Stroke survivors are prone to suffering long-term disabilities, including loss of mobility at a more rapid pace after reaching the age of 65.

What Are the Signs of Stroke?
Luke Perry arrives for the press line of 'Riverdale' at Comic Con in San Diego, July 21, 2018. Perry died following a massive stroke on March 4, 2019. CHRIS DELMAS/AFP/Getty Images

While it's unclear if Perry experienced a stroke before the one that claimed his life, it is quite common for people to previously suffer a stroke before having a massive stroke. One in every four people who have had a massive stroke experienced smaller ones beforehand, the department reported.

The type of stroke Perry suffered from has not yet been identified, however, the majority of strokes in the U.S.—some 87 percent—are ischemic strokes, which occur when blood struggles to flow to the brain due to blockage caused by fatty deposits. Less common, but still considerably deadly, types of strokes include thrombotic ischemic stroke—which occur when a blood vessel is completely blocked—and hemorrhagic strokes, triggered when weakened blood vessels fracture and bleed into the brain.

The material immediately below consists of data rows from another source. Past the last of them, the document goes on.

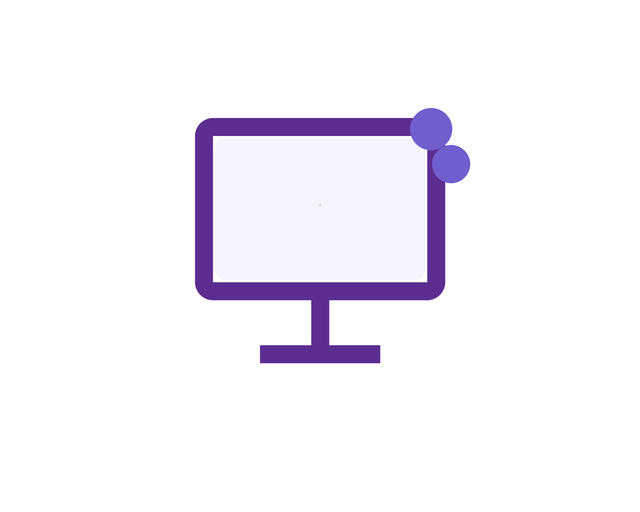 ms teams related icon. purple computer screen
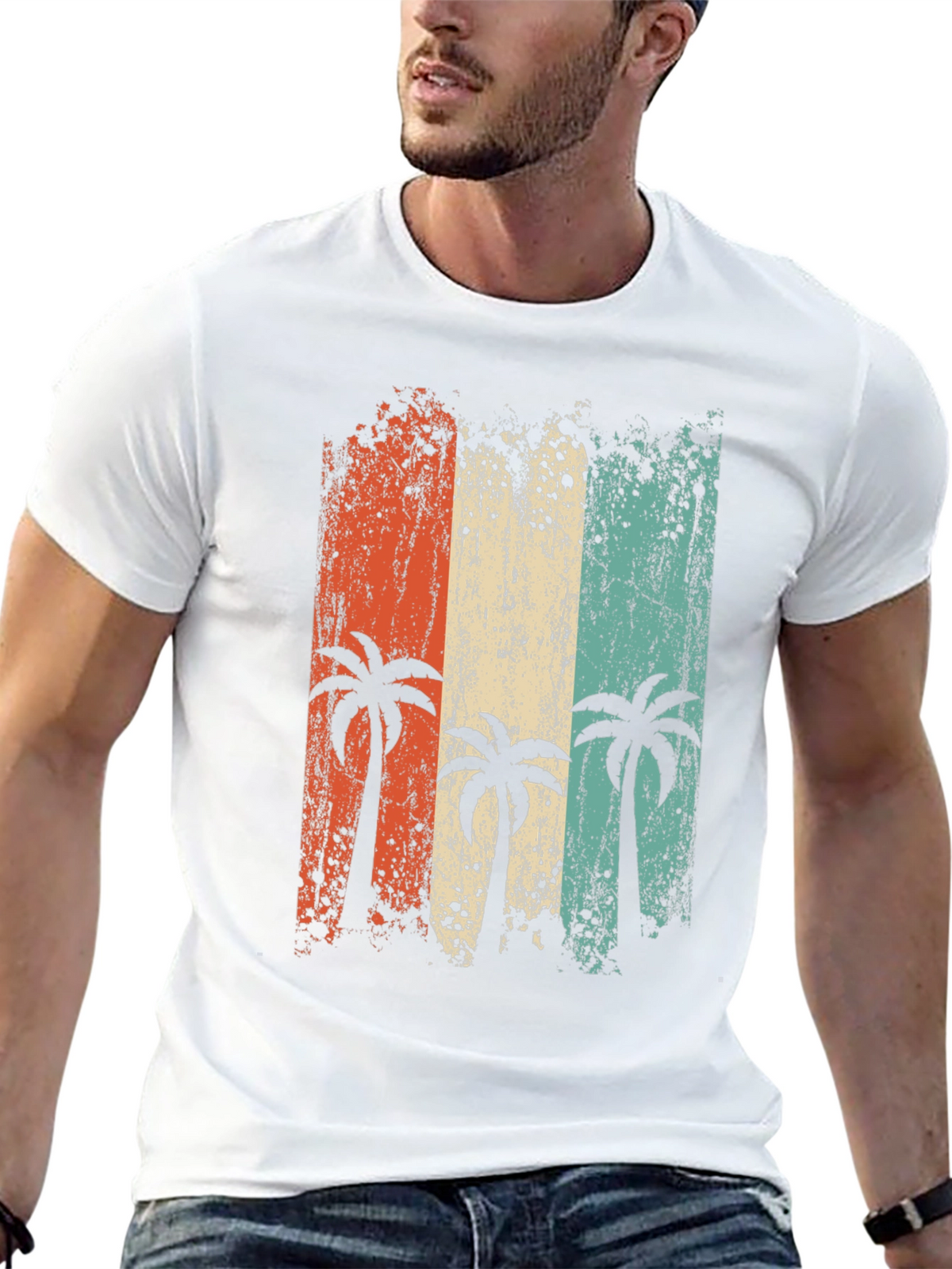 Retro Palm Tree Graphic Tee - Beach Vibes T-Shirt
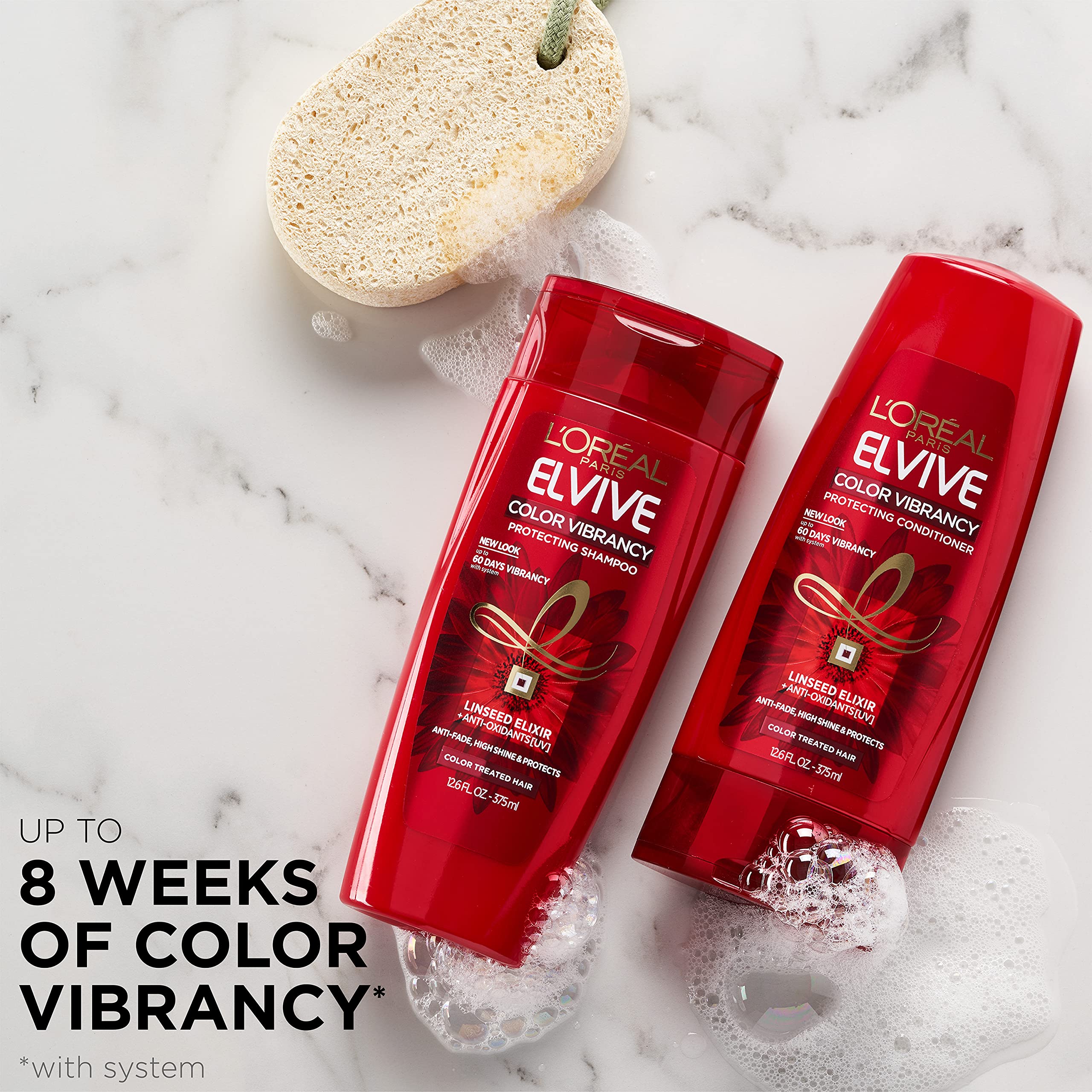 L'Oreal Paris Elvive Color Vibrancy Protecting Shampoo and Conditioner Set for Color Treated Hair, 28 Fl Oz (Set of 2) - Image 2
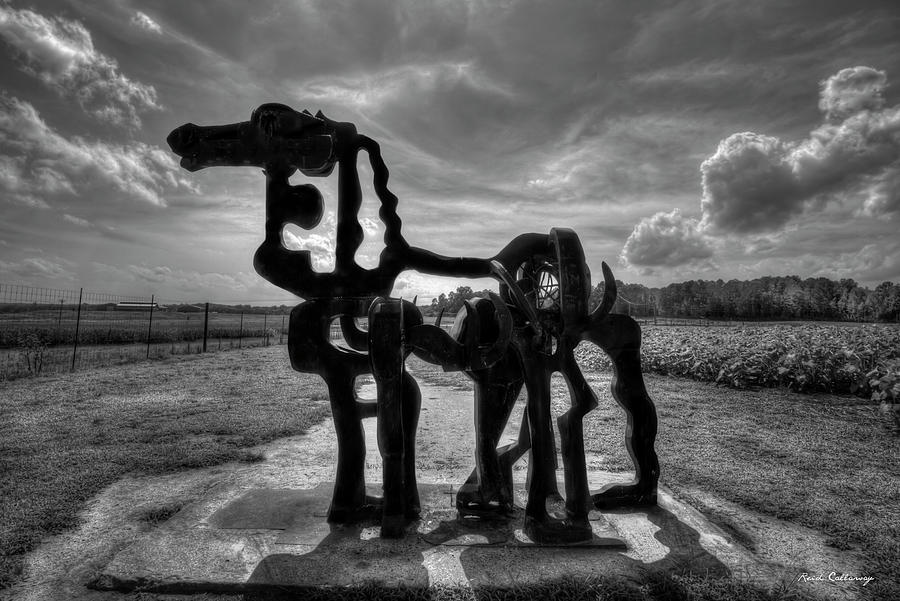 The Iron Horse Full Sun B W The Iron Horse Farming Landscape Art Photograph by Reid Callaway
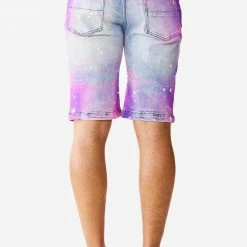 MENS SHORTS BOLIN DENIM SHORT- PINK/BLUE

Strokes can affect anyone at any age. An American Academy of Neurology report published in 2017, said 15 percent of ischemic strokes are experienced by young adults and adolescents while a 2009 CDC report found 34 percent of strokes occurred in people less than 65 years old. The elderly are still considered the largest at-risk age group.

One of the most important aspects of surviving a stroke is being aware of the risk factors and symptoms.

While the disease can happen to anyone at any time, high blood pressure is the biggest risk factor, according to the CDC. Those suffering from diabetes, high blood cholesterol, obesity and other types of heart diseases are also more prone t experiencing a stroke. Smoking is also a trigger.

Maintaining an active lifestyle and a healthy diet can help prevent strokes. The American Stroke Association recommended avoiding foods high in saturated fat, trans-fat and cholesterol as well as regulating and reducing sodium intake to help combat chances of a stroke.

Recognizing the symptoms also goes a long way. People who undergo hospital care within three hours of a stroke tend to have more mobility within three months of recovery.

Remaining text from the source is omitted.